A meta-analysis by Anderson and Bushman (2001) reviewed 35 research studies that tested the effects of playing violent video games on aggression. The studies included both experimental and correlational studies, with both male and female participants, in both laboratory and field settings. They found that exposure to violent video games was consistently associated with an increase in aggressive thoughts, aggressive feelings, psychological arousal (including blood pressure and heart rate), as well as aggressive behavior. Furthermore, a negative correlation was found between playing video games and altruistic behavior. In other words, as playing violent video games increased, altruistic behaviors tended to decrease.

In one experiment, Bushman and Anderson (2002) assessed the effects of viewing violent video games on aggressive thoughts and behavior. Participants were randomly assigned to play either a violent or a nonviolent video game for 20 minutes. Each participant played one of four violent video games (Carmageddon, Duke Nukem, Mortal Kombat, or Future Cop) or one of four nonviolent video games (Glider Pro, 3D Pinball, Austin Powers, or Tetra Madness). Participants then read a story and were asked to list 20 thoughts, feelings, and actions about how they would respond if they were the person in the story. One of the stories they used follows:

Todd was on his way home from work one evening when he had to brake quickly for a yellow light. The person in the car behind him must have thought Todd was going to run the light because he crashed into the back of Todd’s car, causing a lot of damage to both vehicles. Fortunately, there were no injuries. Todd got out of his car and surveyed the damage. He then walked over to the other car.

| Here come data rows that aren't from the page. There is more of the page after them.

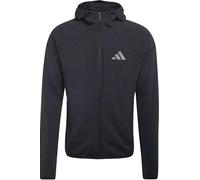 Adidas - Pile stretch e traspirante - Xperior Pro CW Hooded Fleece Jkt M Black in Poliestere Riciclato - Taglia L - Nero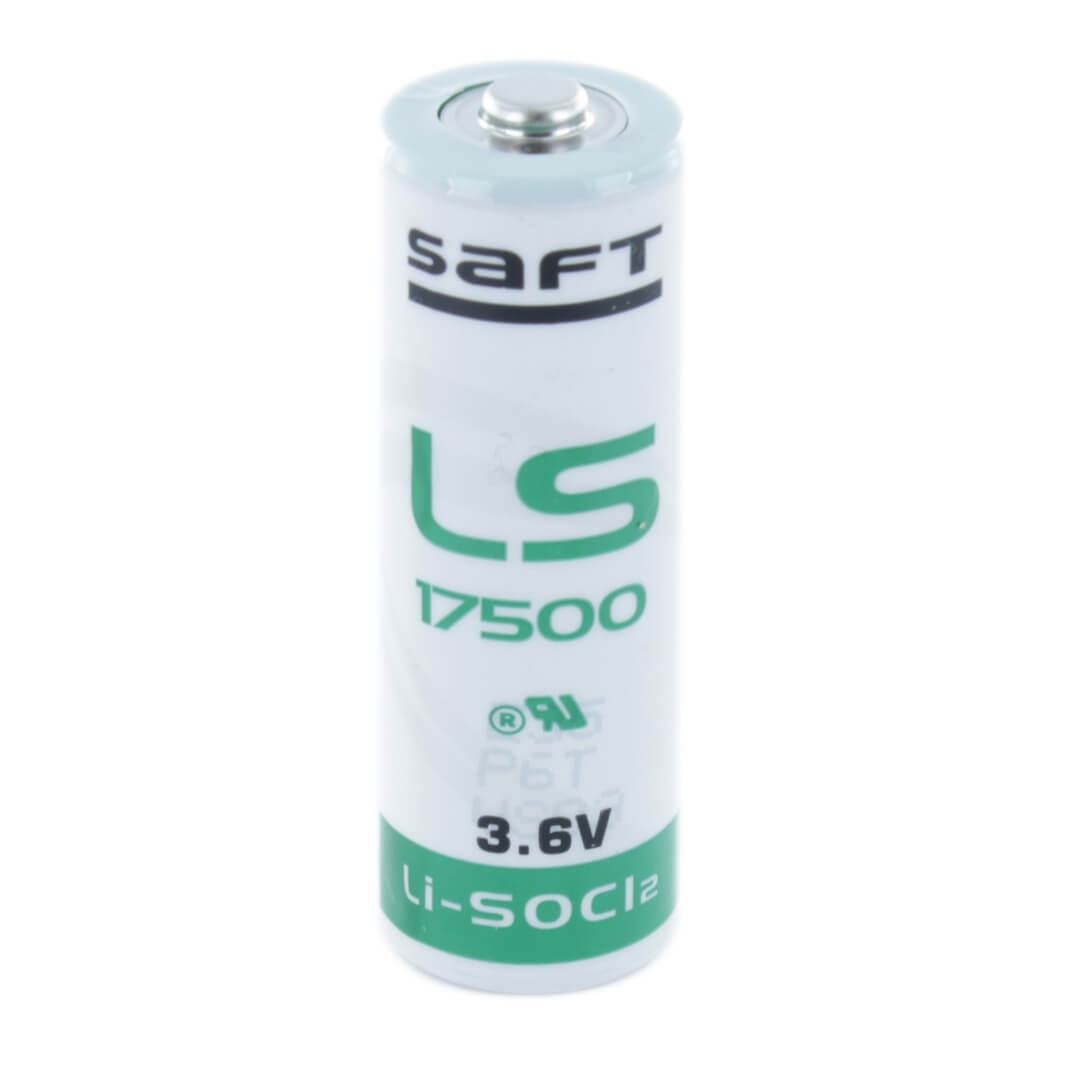 Battery Model Saft Ls 17500, 6135-01-524-7621, Ls17500, Ls17500-ba 3.6v, 3600 Mah - 12.96wh Saft Batteries Saft Lithium Batteries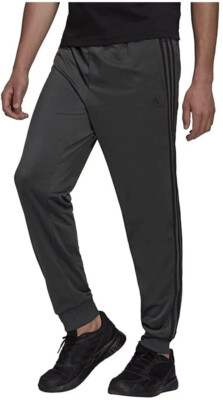 adidas Mens Tricot Track Jogger Grey/Black Joggers Pants H46109 Sizes M, L, 3XL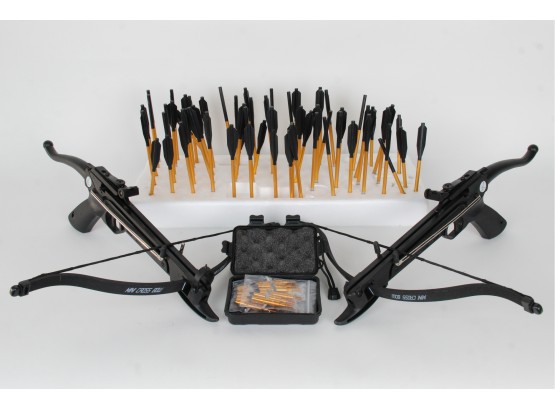 Mini Cross Bow With Arrows And More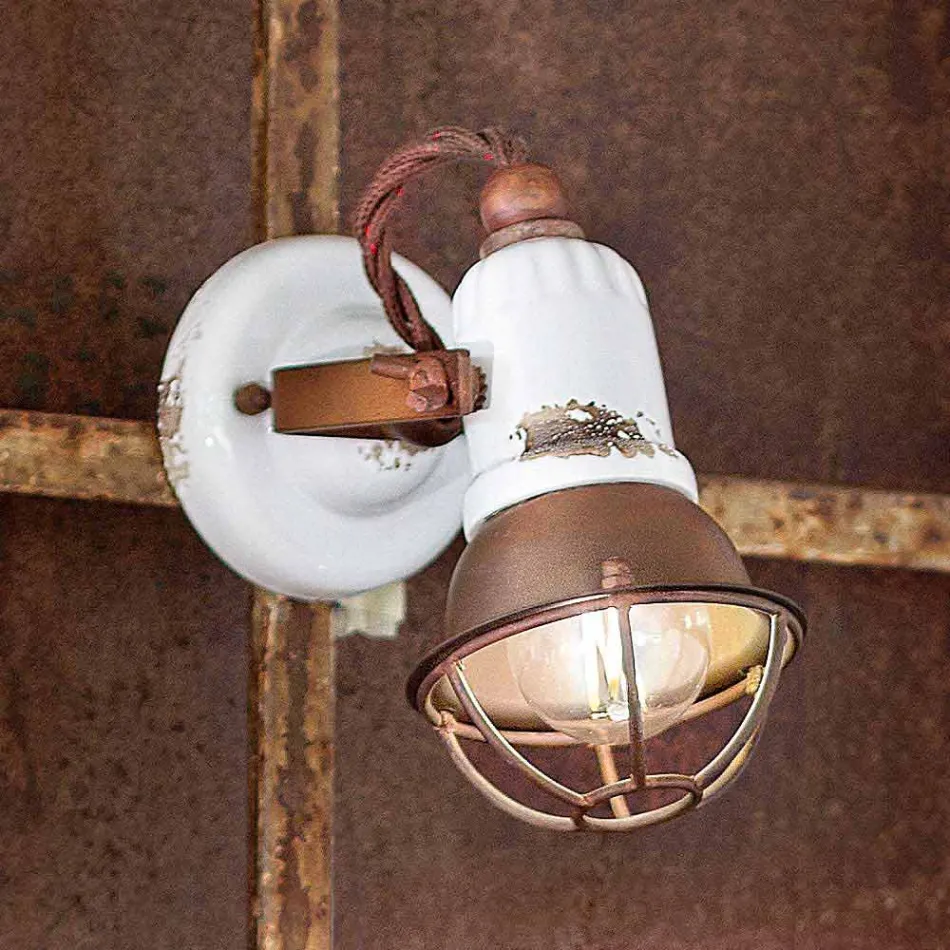 Perete ceramic reglabil și reflector metalic Kendra Ferroluce Viadurini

The students who had played one of the violent video games tended to respond more aggressively to the story than did those who played the nonviolent games. Some of the responses were: “Call the guy an idiot,” “Kick the other driver’s car,” and “This guy’s dead meat!” As importantly, Seymour, Yoshida, and Dolan (2009) found that just as children learn to be aggressive through observational and vicarious learning, they can also learn to be altruistic.